=== Section Start ===

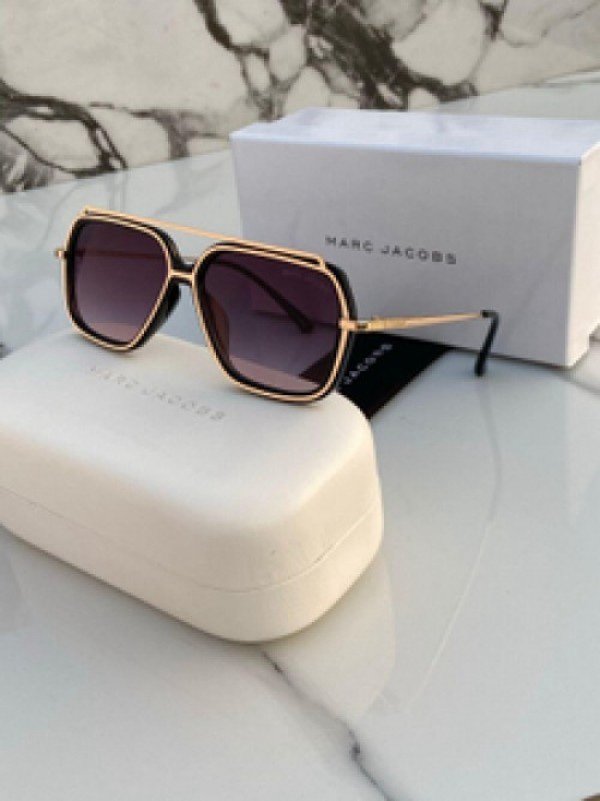 Marc Jacobs Classy Black Shaded Sunglasses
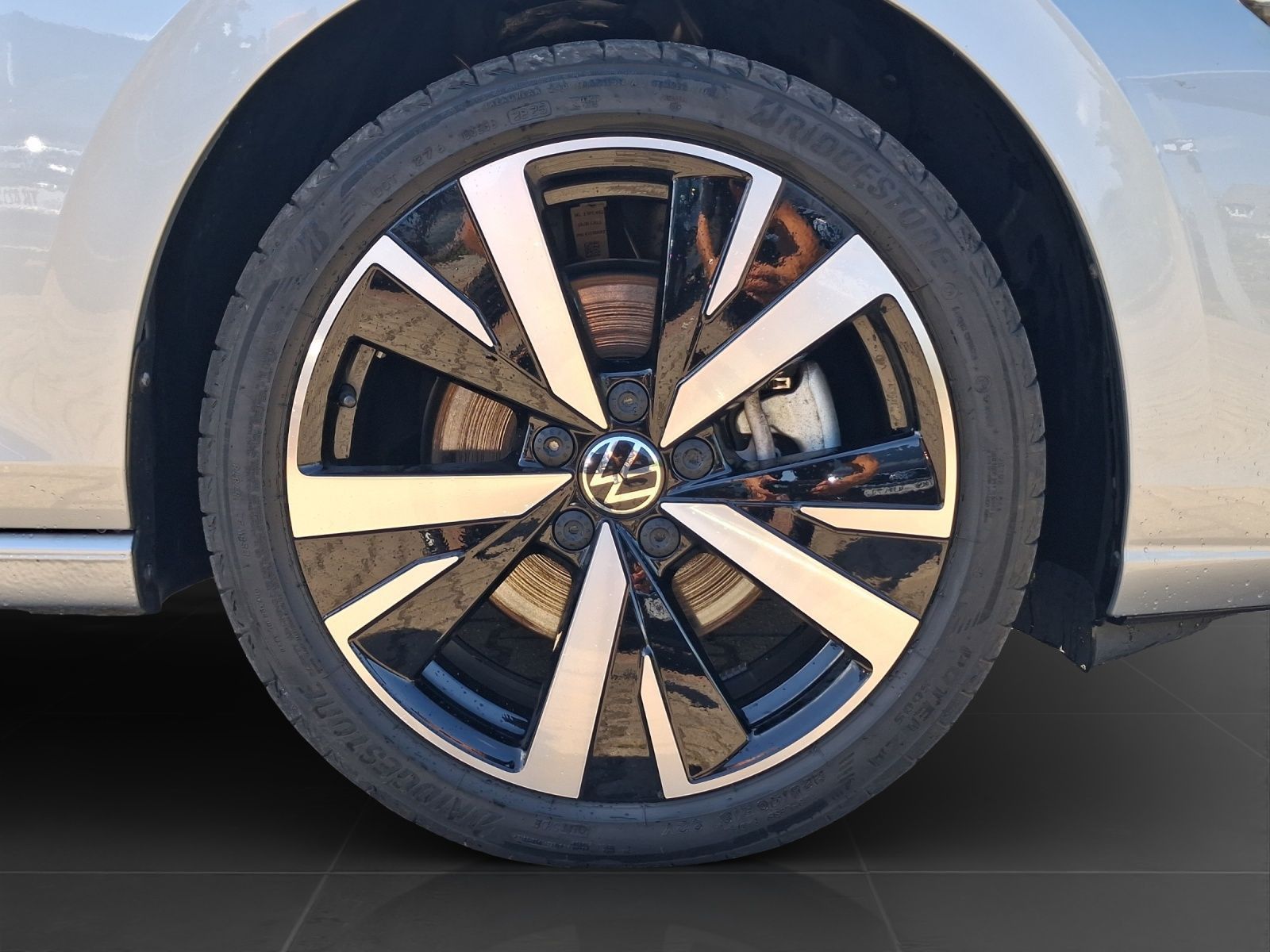Volkswagen Golf - Bild 8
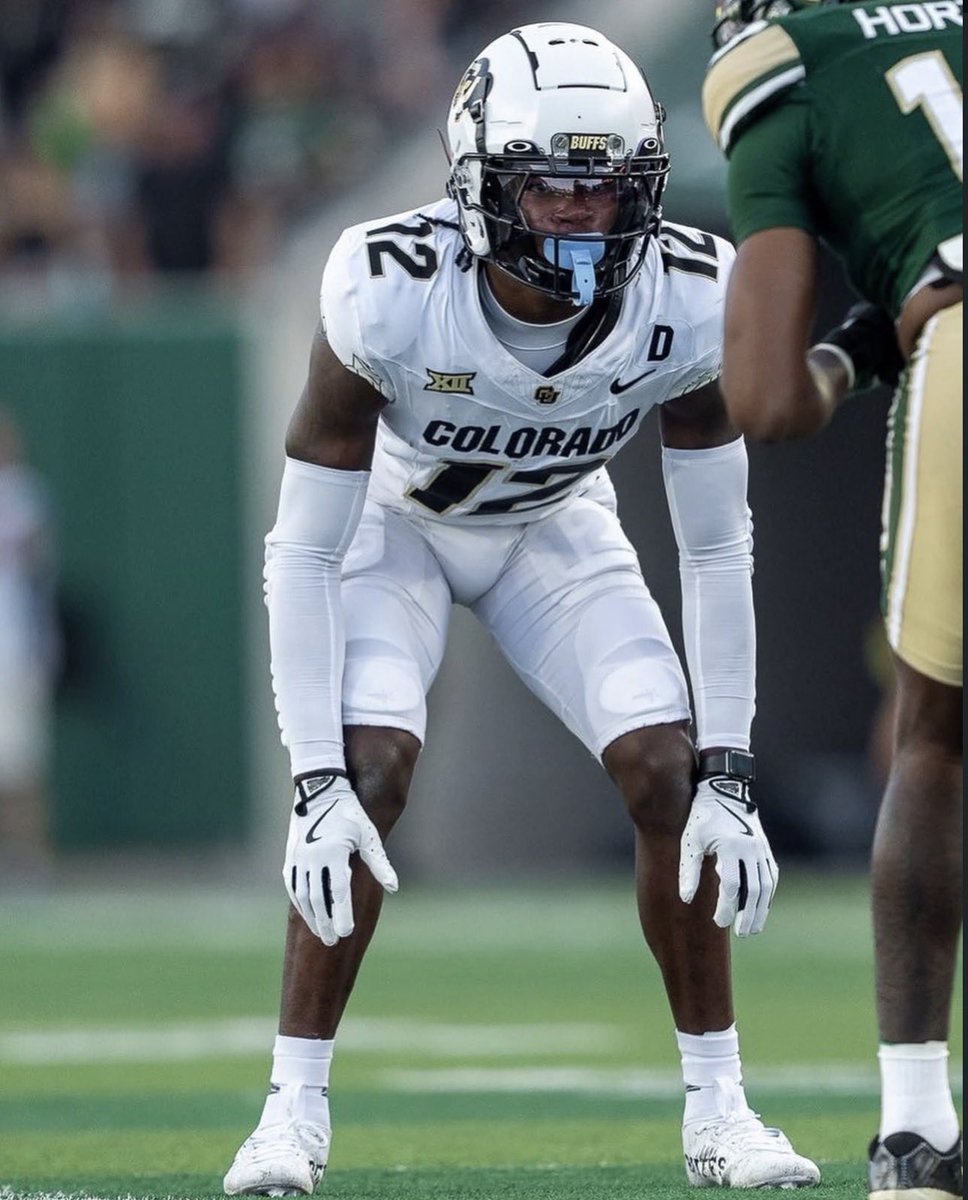 GaddisKentrell2's tweet photo. After an amazing conversation with @CoachBox6 , I'm blessed to receive an offer from The University Of Colorado @CUBuffsFootball @TrePorter5 @1COACH_CARTER
@CoachBradClark
@JakeCorbin @TheShaqMiller #GoBuffs https://t.co/PhZgXx7seR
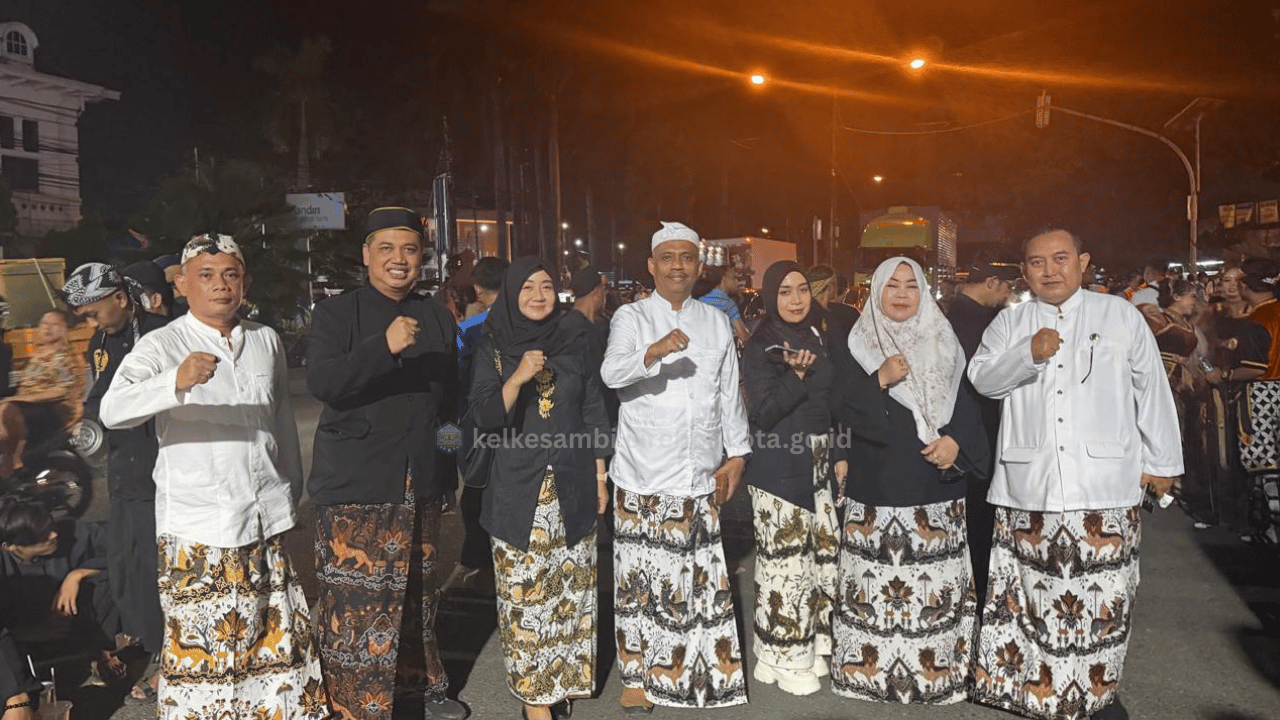 Semarak Milangkala Tatar Sunda Nyuhun Buhun, Nata Nagara di Kota Cirebon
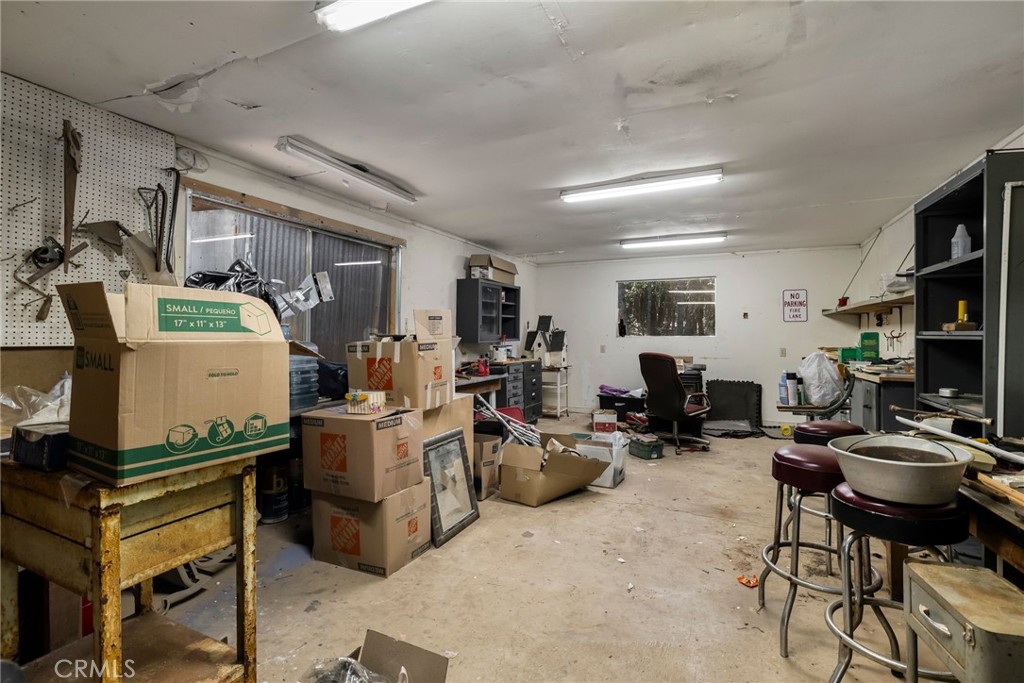 5048 Big Bend Road Oroville, CA 95965 - Photo 41 of 72 a living room with furniture and a flat screen tv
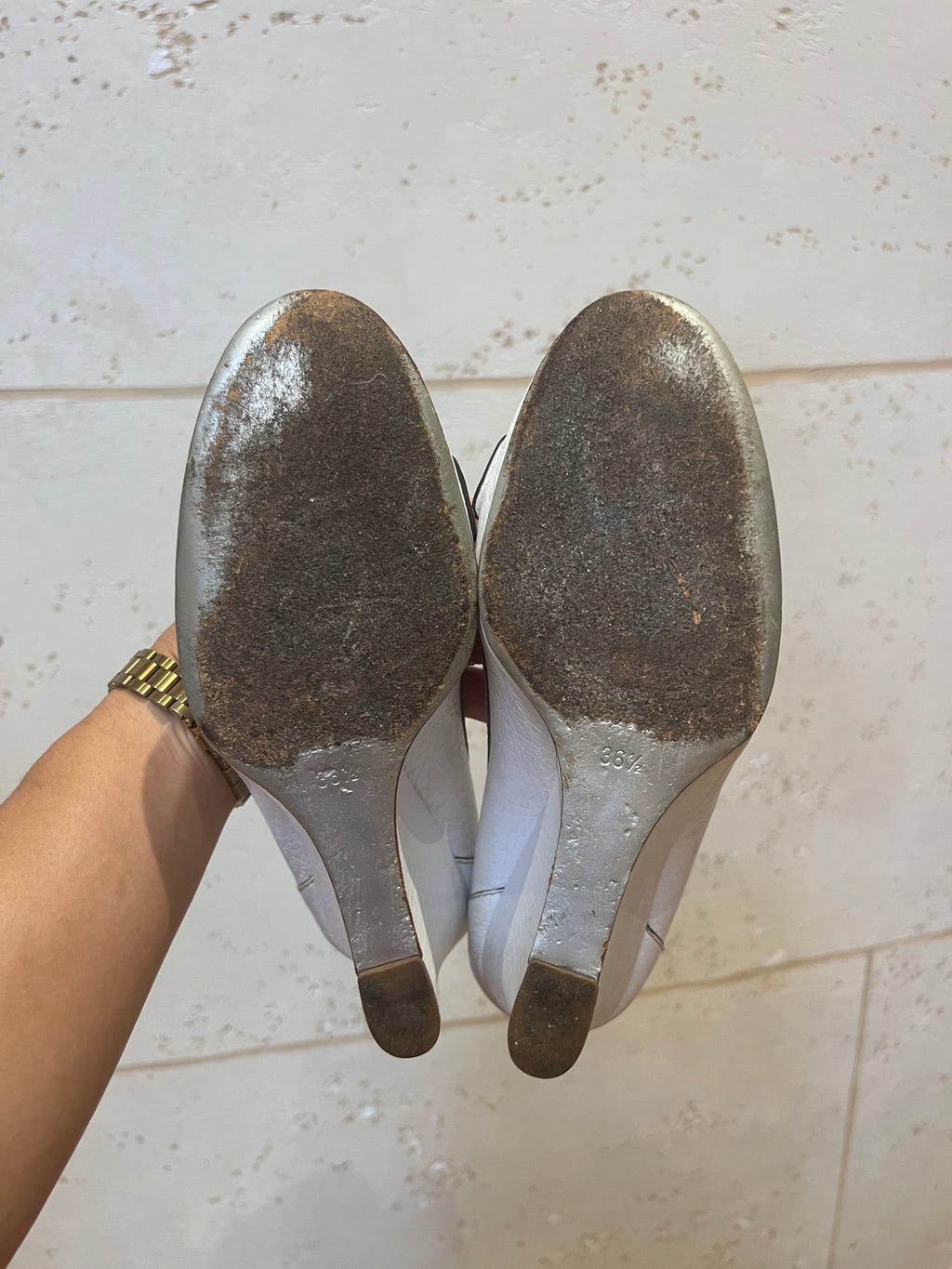 DOLCE & GABBANA White Wedge Pumps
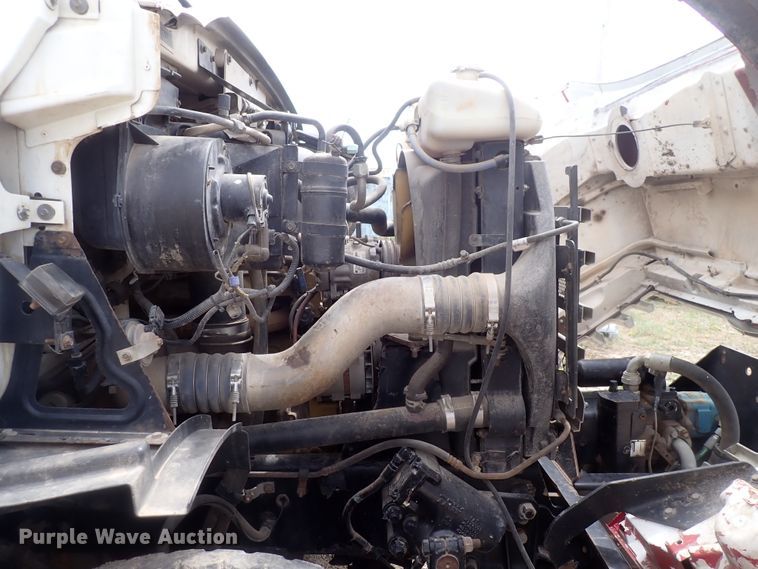 image for item DI4728 2003 Sterling L-Line  vacuum truck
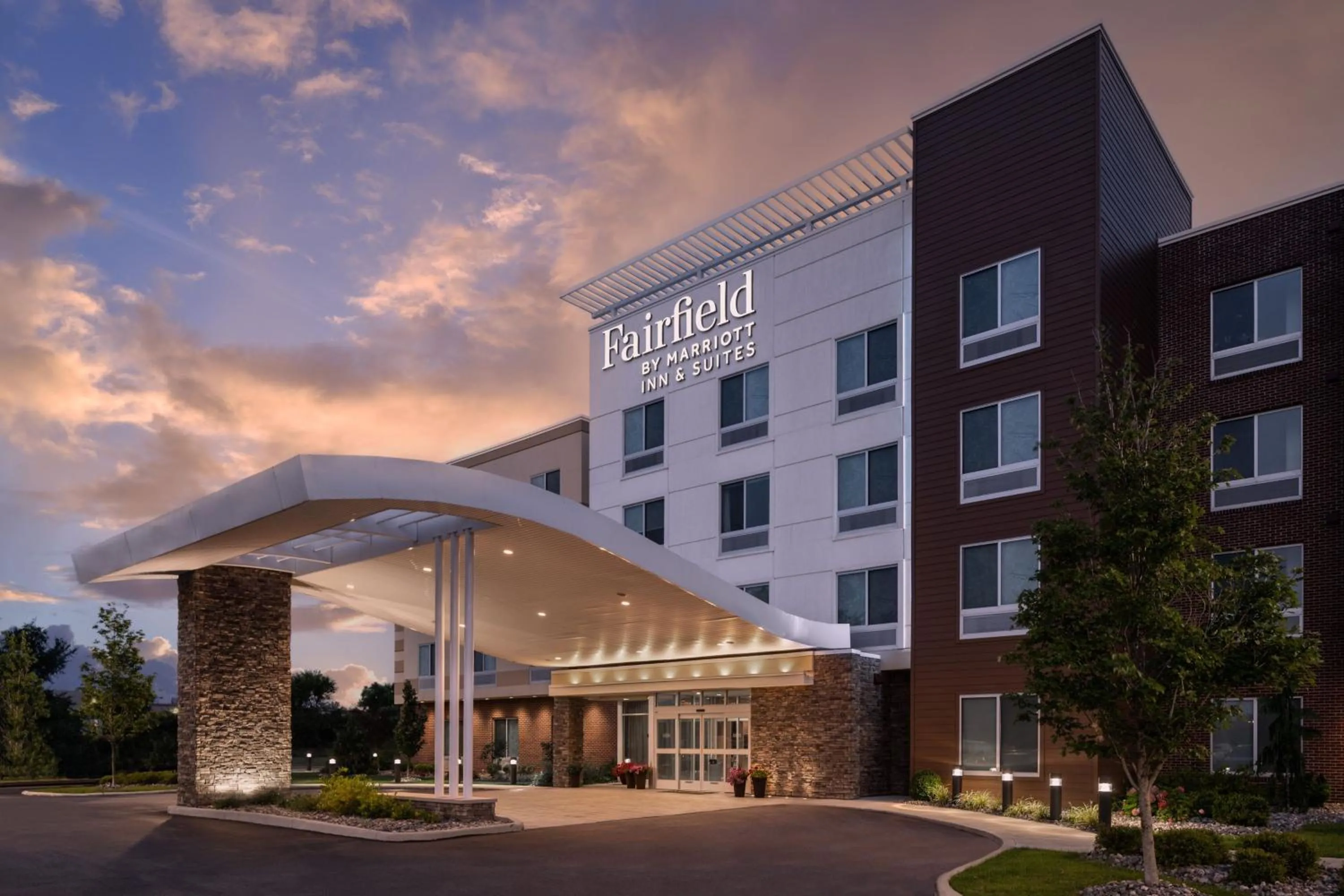 Property building in Fairfield Inn & Suites by Marriott Cleveland Tiedeman Road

=== Section End ===

◆ WHAT YOU NEED TO DO ◆
An exact restatement of the lines from the one holding "GaddisKentrell2's tweet photo." through the end of the entries, both ends included, is the whole answer. Pictures stay out.

◆ COMPLETED EXERCISE ◆
 GaddisKentrell2's tweet photo. After an amazing conversation with @CoachBox6 , I'm blessed to receive an offer from The University Of Colorado @CUBuffsFootball @TrePorter5 @1COACH_CARTER
@CoachBradClark
@JakeCorbin @TheShaqMiller #GoBuffs https://t.co/PhZgXx7seR
 Semarak Milangkala Tatar Sunda Nyuhun Buhun, Nata Nagara di Kota Cirebon
 5048 Big Bend Road Oroville, CA 95965 - Photo 41 of 72 a living room with furniture and a flat screen tv
 DOLCE & GABBANA White Wedge Pumps
 image for item DI4728 2003 Sterling L-Line  vacuum truck
 Property building in Fairfield Inn & Suites by Marriott Cleveland Tiedeman Road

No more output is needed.